* **How to complete this task**
Among the entries that follow, the required portion opens with the line containing "テラス付スタンダードルーム, San Marco" and closes with the line containing "Happy grandparents and". Give that portion again exactly, and nothing else.

* **Source information**
###

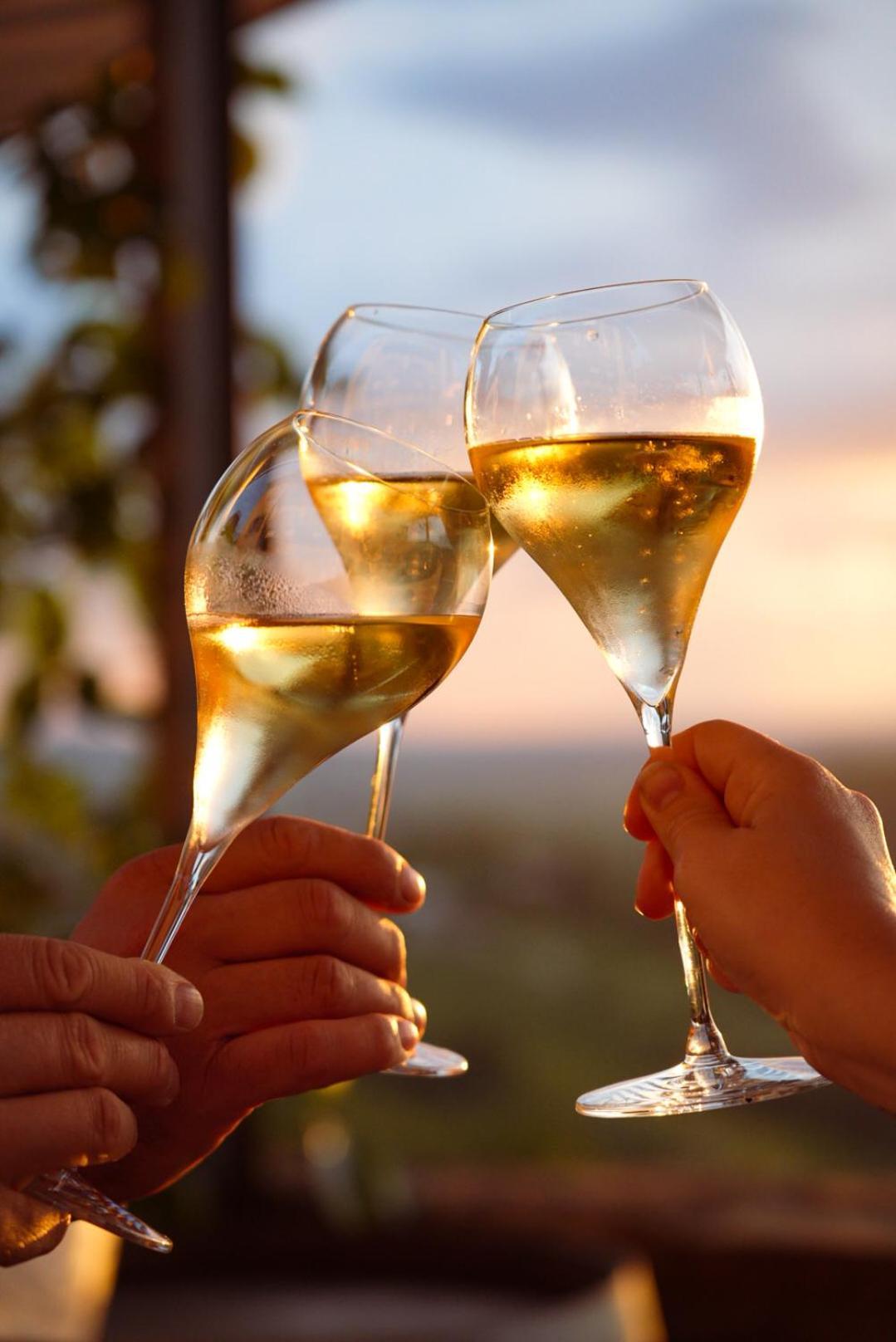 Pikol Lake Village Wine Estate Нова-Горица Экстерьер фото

###

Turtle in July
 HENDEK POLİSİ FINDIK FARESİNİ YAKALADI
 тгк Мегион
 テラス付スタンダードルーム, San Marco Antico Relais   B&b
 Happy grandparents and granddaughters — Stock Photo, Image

###

* **Task output**
 テラス付スタンダードルーム, San Marco Antico Relais   B&b
 Happy grandparents and granddaughters — Stock Photo, Image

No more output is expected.